When you bring up a hurt or disappointment to them about something they did, how do they react?
Do they get angry, or turn it around and blame you? Shut down and withhold communication? Do you feel really confused after communicating hurts to them? While these might be impulsive reactions that do not always mean a person is not trustworthy, if it is a pattern it might mean you are with someone who has a strong manipulative part to their personality.
Are they able to admit when they have made a mistake?
Do they not only apologize, but also demonstrate self-reflection and attempts at a change in behavior?
Do they communicate any substantial hurts that they have experienced with you in a somewhat timely fashion?
Or do they stay silent and let resentment build—or expect you to mind-read?
A Note on Manipulation
Sometimes when we see someone becoming more manipulative in their behaviors, and there is also a history of addiction, we may have to entertain the idea that the disease of addiction may be controlling their behavior and calling the shots. If this is the case—trust will be very difficult. In these situations it is important to note that their behavior might not be so ingrained in who they are and they may become trustworthy again should they get themselves into recovery.
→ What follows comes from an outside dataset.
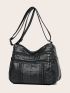 Zipper Front Crossbody Black Hobo Bag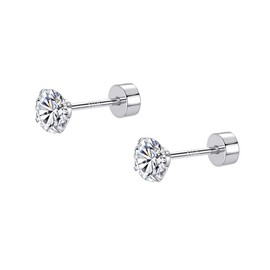 20g 6mm Simple Round CZ Cartilage Earring Stud for Women Men S925 Sterling Silver Cubic Zirconia Dainty Small Screw Flat Back Hypoallergenic Internally Threaded Helix Tragus Labret Nose Earrings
Look for Authenticity and Listen to Your Gut
When we discuss trustworthiness as a general character trait, we can also look for traits of authenticity and compassion in that person to guide us. When first meeting someone, there is also something to be said about having a gut feeling. This can be tricky, because if we have been hurt in the past, we may be primed to expect the same hurt from someone new. So, what I mean by gut feeling is not a dramatic, fearful feeling, though that kind of feeling may accompany what I’m speaking of. What I am really talking about is that quiet voice inside that just senses and knows things with ease and naturally. This is your intuition. I believe everyone has this, but I think that getting in touch with it can be confusing when we have a trauma history that has grown in us a general mistrust of people. Try to tune into that intuitive, more gentle inner wisdom, and let that guide you.